Africa, being the large continent that it is, clearly won't be affected by altered weather patterns in the same way across all its countries. Instead, experts expect to see - and are already seeing - increased precipitation in some regions, while other are due to face worsening dry-spells.

In-fact, after researchers analyzed water availability trends in African maize-growing regions between 1979 and 2010, they found that overall water availability has actually increased. This was largely thanks to a combination of increased rainfall and reduced evaporation rates in many parts of the continent.

However, the same study also revealed that across sub-Saharan Africa, only about four percent of cultivated land is irrigated. The global average, for comparison, is 18 percent. Worse, the same change in weather patterns that is helping out some of the continent is causing East Africa to experience a decrease in natural water availability. With very little irrigation from the start, these regions are now in big trouble.

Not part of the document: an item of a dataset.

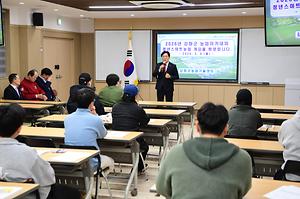 강화군 농업아카데미 청년스마트팜 교육 개강식 사진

"Some places, like parts of Tanzania, got a double whammy that looks like a declining trend in rainfall as well as an increasing evaporative demand during the more sensitive middle part of the growing season," study lead Lyndon Estes explained in a recent release.

According to Estes, this study only examined about 34 percent of all African maize-growing areas. Even so, these early findings, while largely positive, do indicate that some regions are a significant risk or water scarcity in the future. Proactive measures of course, are recommended, but may not be possible without the help of more developed countries.

In another recent water scarcity report, Nature World News detailed how China is attempting to combat its own scarcity problems by siphoning water from healthier regions to those lacking accesses. However, inter-provincial trade is hampering these efforts.

A study detailing the African findings was published in Environmental Research Letters on July 11.